Verantwortung übernehmen heißt sozialdemokratisch handeln

Die von der Sektion 8 mitinitiierte Aktion „Wir sind die 57. Stimme“ zur Solidarisierung mit der SPÖ-Abgeordneten Sonja Ablinger hat vor ein paar Tagen die Tausendermarke überschritten. Ein Grund dafür ist, dass es beim Fiskalpakt aus sozialdemokratischer Sicht ans Eingemachte geht.

Nikolaus Kowall

Verborgen für die meisten Menschen außerhalb eines erweiterten interessierten Kreises tobt seit drei Jahren eine wirtschaftspolitische Grundsatzdiskussion auf beiden Seiten des Atlantiks. Im Zentrum steht die Frage welche Relevanz Staatsschulden bzw. volkswirtschaftliche Außenhandelsschulden haben und ob nur die Schuldner/innen schuld sind, oder auch die Gläubiger/innen. Aus drei Gründen ist die neoliberale Interpretation der Krise, dergemäß Staatsschulden das Hauptproblem sind und die Schuldner/innen ihre Situation alleine zu verantworten haben, im deutschsprachigen Raum immer noch die deutlich breitenwirksamere. Erstens ist sie simpel: Wer mehr ausgibt als einnimmt, kommt eben in die Bredouille. Zweitens passt sie gut in die neoliberale Denke, die wir seit Jahren gewohnt sind: Der Staat ist das Übel und die Staatsschulden das Symptom desselben. Drittens ist es bequem: Wir wirtschaften gut, die da unten schlecht. Im Gegensatz zu den USA, Frankreich oder Spanien erreicht die alternative Lesart in der deutschsprachigen Öffentlichkeit keine kritische Größe. Dabei handelt es sich um eine Auseinandersetzung, die sich nicht eindeutig entlang ideologischer Lager festmachen lässt.

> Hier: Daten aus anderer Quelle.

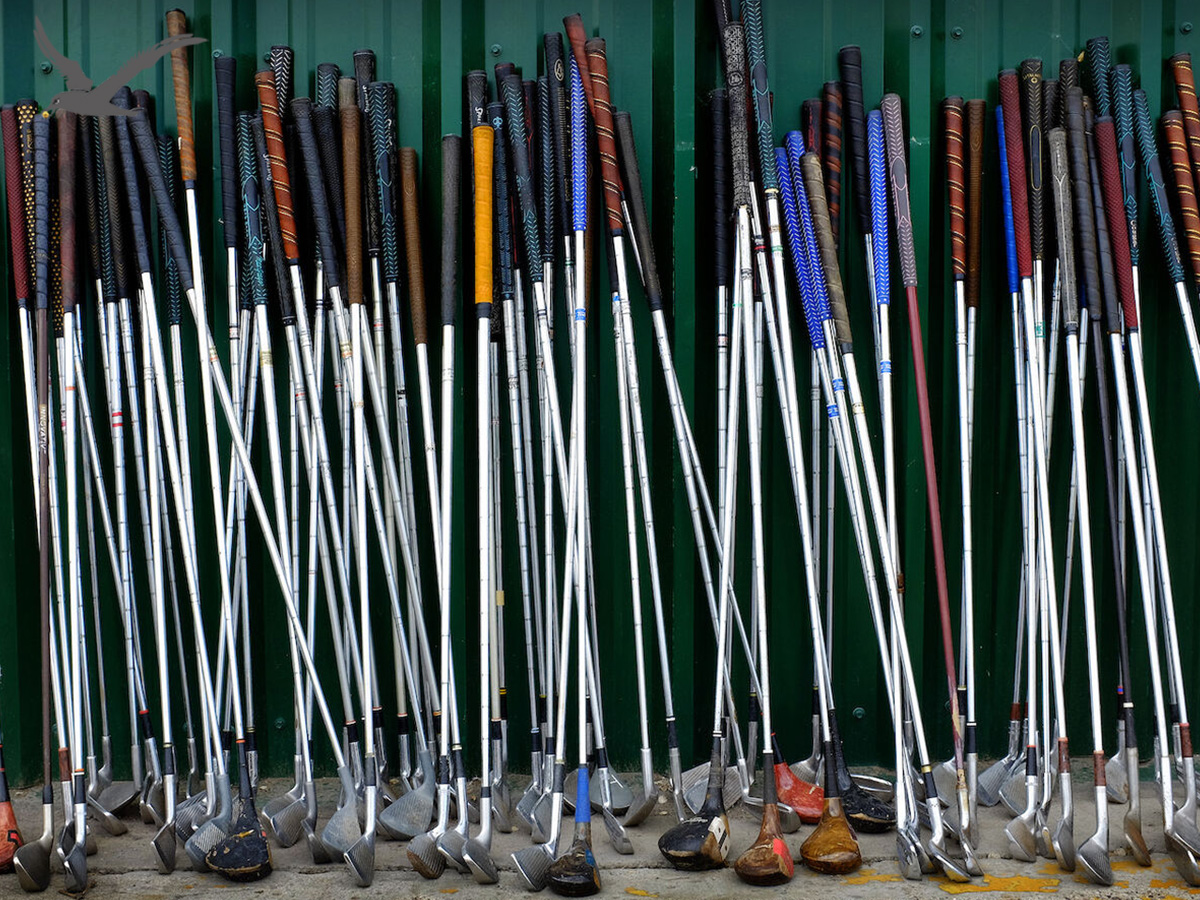 How to Choose the Right Golf Shaft Material and Grade Hardness?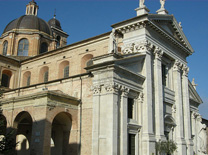 Duomo di Urbino PU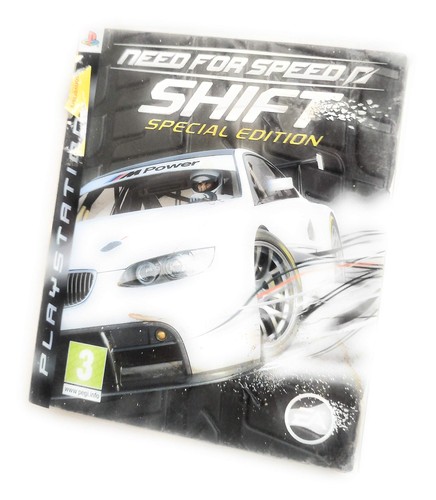 Need for speed shift - for,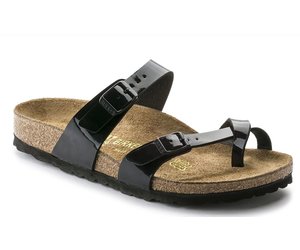 birkenstock mayari zwart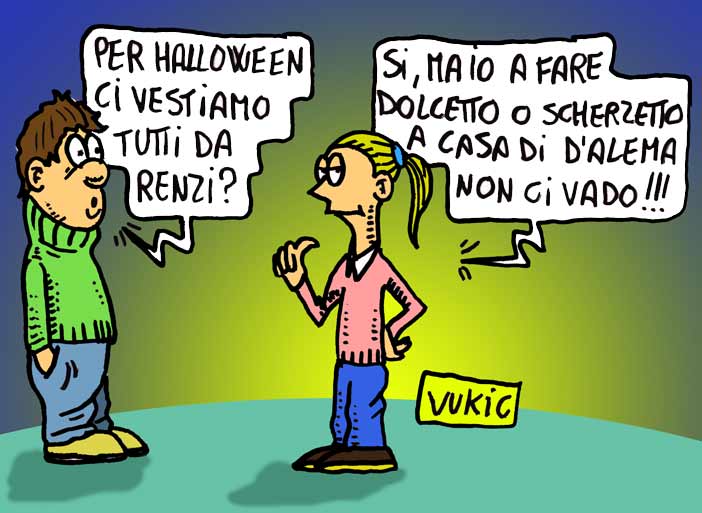 Halloween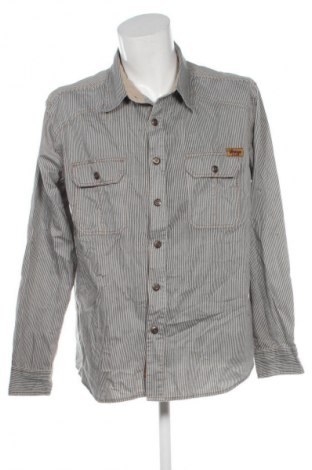 Cămașă de bărbați Unbranded, Mărime XXL, Culoare Multicolor, Preț 40,99 Lei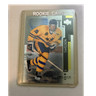 Upper Deck Black Diamond Rookie Henrik Sedin #136 Sweden IIHF Ice Hockey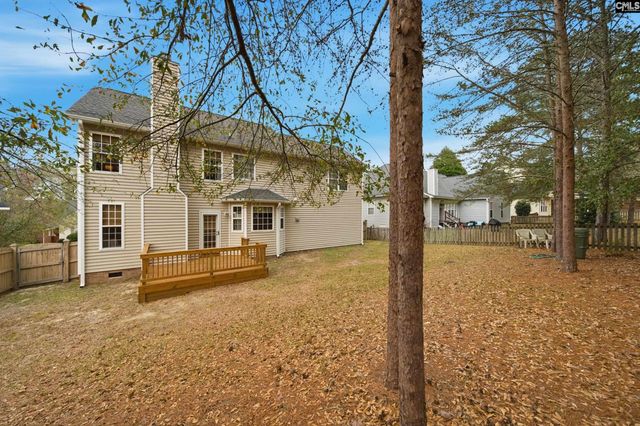 6 Plantation Pointe Way, Elgin, SC 29045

Die deutsche Bundesbank, die meisten deutschen Ökonom/innen, die Wirtschaftsressorts der konservativen Blätter FAZ und Die Welt sowie das christdemokratische und sozialdemokratische Establishment in Deutschland und Österreich teilen prinzipiell die Auffassung, dass der Schuldner Schuld hat, weil sich die verantwortungslose Ausgabenpolitik der „Partyjahre“ rächt. Der Fiskalpakt ist die logische Antwort auf diese Erkenntnis.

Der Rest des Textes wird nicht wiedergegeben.